#StayWild Tip: Admire the setting sun. Stay up late, look to the west and watch the sky turn pink.
For Day Five of 30DaysWild I wanted to find a vantage point to enjoy a summer evening sunset. Nearby Glen Fruin offers some stunning westerly views toward the hills and mountains of Arrochar and the wider Loch Lomond and Trossachs National Park.
I grabbed my camera and binoculars and jumped in the car, but I didn’t count on all the distractions along the way….
Given that it was such a warm day, I first made a detour and parked at the start of the path to Auchengaich Reservoir. I wasn’t going to walk to the Reservoir, but did want to check an area where I know you can find sunbathing viviparous lizards (also known as “common” lizards, but there’s nothing common about these diminutive dinosaurs).
There were no lizards tonight, but a rustle in the long grass beside the fence had me wander a little further up the path. A young hare – a leveret – was hiding in the grasses, and I gave the little fellow a wide berth. He soon scampered off, with a funny, gangly-legged lope.
As the sun got lower it cast amber suffusion across the landscape, and I was lured a little further along the path by a patch of bog cotton, bursting with fluff.
A little further on I could see the nodding violet heads of butterworts in bloom. I am fascinated by this plant as it is carnivorous, like sundew. It catches small insects using sticky “glue” on its green rosette of leaves, then the edges curl inwards to entrap and digest any insects silly enough to get stuck.

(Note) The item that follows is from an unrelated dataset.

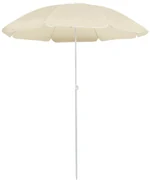 vidaXL Parasol met stalen paal 180 cm zandkleurig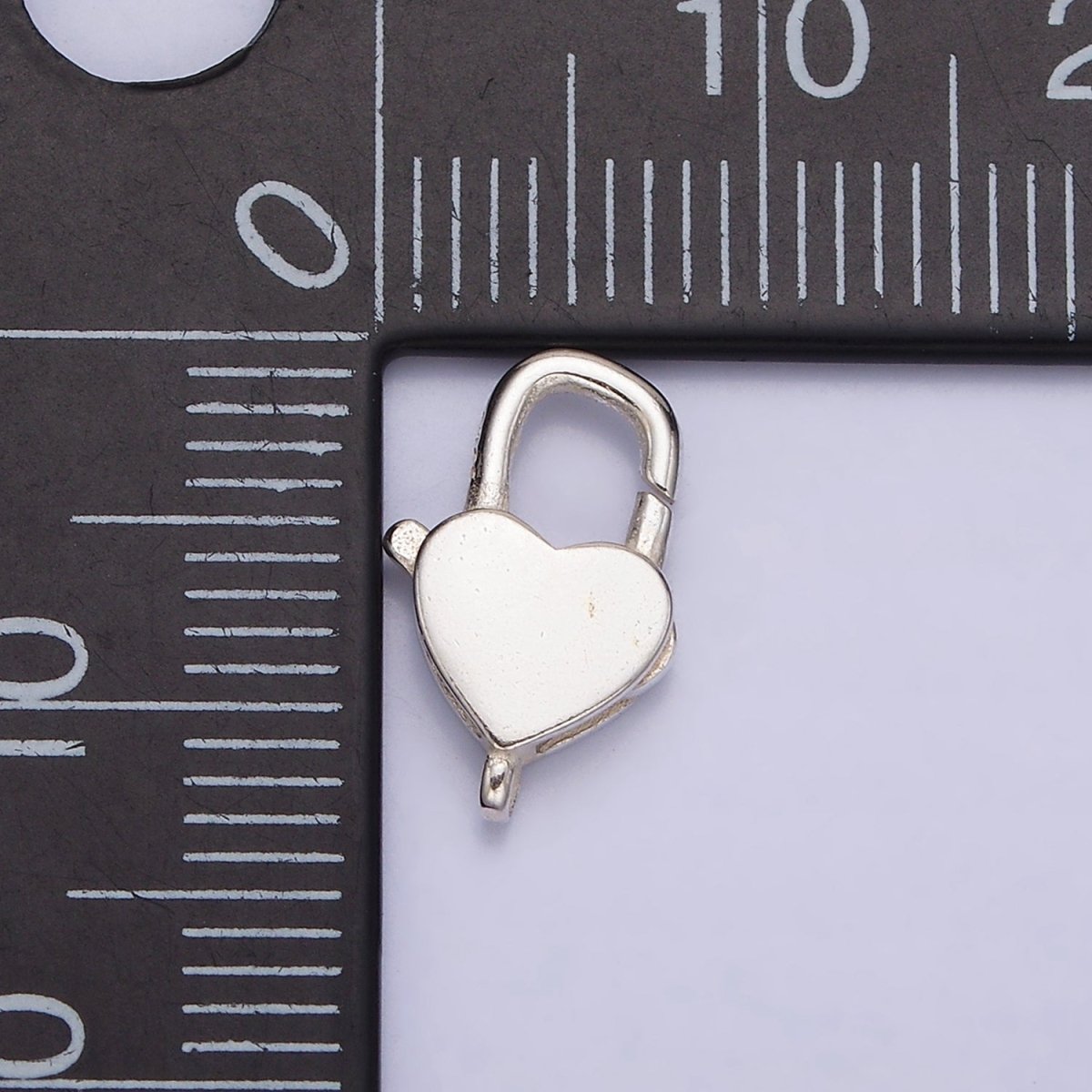 OS Sterling Silver S925 13mm Heart Lobster Claw Clasps Closure Jewelry Making Supply | SL-289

By now I was almost at the Reservoir, and the sky has an apricot tinge. The sun has almost dropped behind the prow-like ridge of The Strone, so I’m going to have to relocate if I want to see a sunset!
Before I turned back to the trailhead, I could hear birdsong that I didn’t recognise. I homed in on the sound to find a pair of grey wagtails singing around the reservoir slipway. I spent a little bit of time watching them before heading back.
Back in the car I went toward Glen Fruin proper to maybe catch a sunset. As I drove west to the viewpoint, my road was blocked by the answer to the eternal question:
Q. Why did the chicken cross the road?
A. Because it was trying to get away from an oversexed peacock!
Watching this peacock shake it’s thang at the completely indifferent cock was quite something. He followed the chicken step for step, rustling his tail feathers and strutting for all he was worth. I’m not sure who was the most embarrassed.
By the time I continued from this unusual show, the sun had almost entirely dropped behind the hills and I had pretty much forgotten what I had come out for.
As I waited for the sun to lower completely I watched a kestrel hunting in the last vestiges of sunshine – perhaps the same one I saw on Friday as it was in the same area.
Finally I was rewarded with an expanse of sky resembling the surface of Jupiter. Rolling bands of orange, purple and gray unfurled on the horizon, while pheasants coughed in the fields alongside whistling curlew. A very perfect end to a very wild evening, despite the very welcome distractions!